A audiência perante o juiz, de que trata o referido dispositivo para as ações penais públicas condicionadas à representação da ofendida, tem a finalidade de viabilizar que a vítima, devidamente assistida por uma equipe multidisciplinar, expresse, de forma livre, a sua vontade. Não se trata da mera avaliação da presença de um requisito procedimental, de modo que não cabe ao magistrado delegar a realização da audiência a outro profissional, ou designá-la de ofício ou a requerimento de outra parte.
Visto que a garantia da liberdade somente é assegurada caso a própria vítima, de forma exclusiva, solicite a realização dessa solenidade, determinar o seu comparecimento ao ato configura desrespeito a sua intenção, que, nesse caso, deve prevalecer.
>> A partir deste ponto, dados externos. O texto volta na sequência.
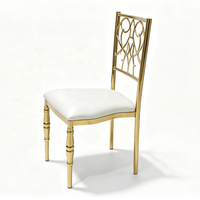 Chaise de mariage de luxe en acier doré, chaise de banquet rembourrée blanche, chaise d'événement de style français pour hôtel et restaurant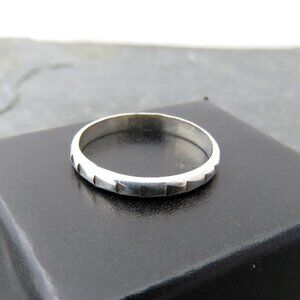 Sterling Silver Ring with Arrow Hammered Band - Handcrafted Artisan Jewelry NWT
Com base nesse entendimento, o Plenário, por unanimidade, julgou parcialmente procedente a ação para dar interpretação conforme a Constituição ao artigo 16 da Lei 11.340/2006, no sentido de reconhecer a inconstitucionalidade
(i) da designação, de ofício, da audiência nele prevista; e
(ii) do reconhecimento de que eventual não comparecimento da vítima de violência doméstica implique “retratação tácita” ou “renúncia tácita ao direito de representação.
STF. ADI 7.267/DF, relator Ministro Edson Fachin, julgamento virtual finalizado em 21.8.2023 (info 1104).
APROFUNDANDO!
Necessidade de retratação em audiência.
Se a vítima comparece ao cartório e manifesta interesse em se retratar, ainda assim o juiz deverá designar a audiência para ouvir a ofendida e o MP, não podendo rejeitar a denúncia sem cumprir esse procedimento. STJ. 5ª Turma. HC 138.143-MG, Rel. Min. Ribeiro Dantas, julgado em 03/09/2019 (Info 656).
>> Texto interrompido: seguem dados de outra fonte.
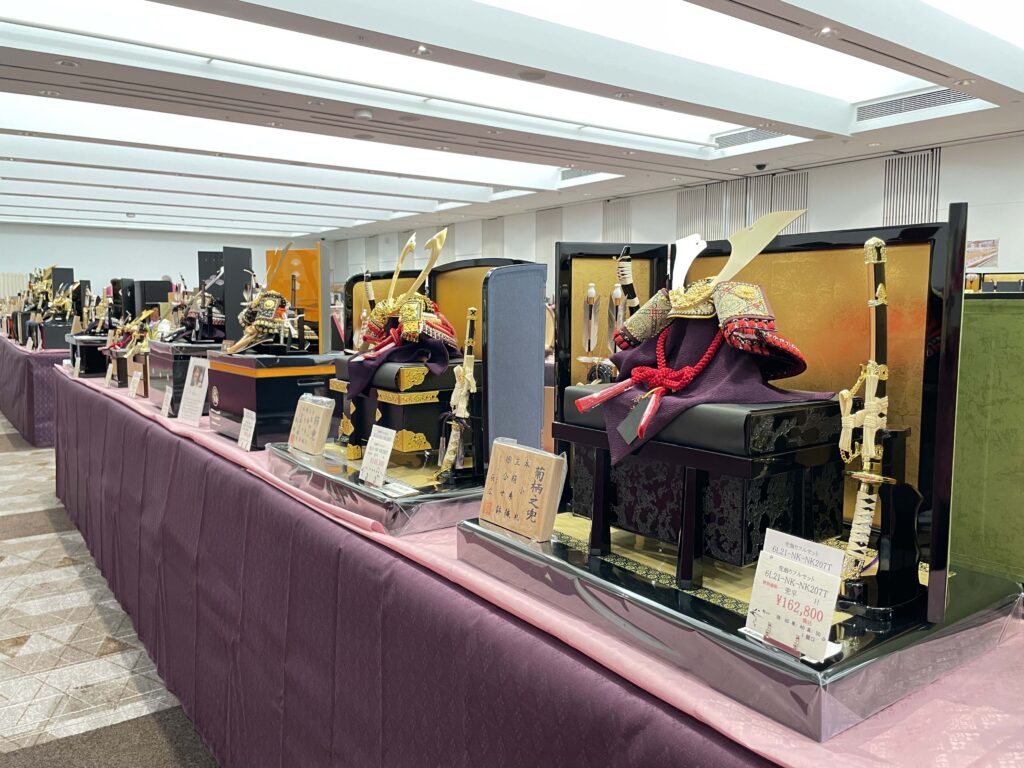 TKPエルガーラホール7階（福岡市天神）にて雛人形・五月人形を展示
A realização da audiência prevista no art. 16 da Lei n. 11.340/2006 somente se faz necessária se a vítima houver manifestado, de alguma forma, em momento anterior ao recebimento da denúncia, ânimo de desistir da representação.
STJ. AgRg no REsp 1.946.824-SP, Rel. Min. Joel Ilan Paciornik, Quinta Turma, por unanimidade, julgado em 14/06/2022, DJe 17/06/2022 (info 743).
#Tese Repetitiva – Tema 1167: A audiência prevista no art. 16 da Lei n. 11.340/2006 tem por objetivo confirmar a retratação, não a representação, e não pode ser designada de ofício pelo juiz. Sua realização somente é necessária caso haja manifestação do desejo da vítima de se retratar trazida aos autos antes do recebimento da denúncia.
STJ. REsp 1.977.547-MG, Rel. Ministro Reynaldo Soares da Fonseca, Terceira Seção, por unanimidade, julgado em 8/3/2023 (info 766).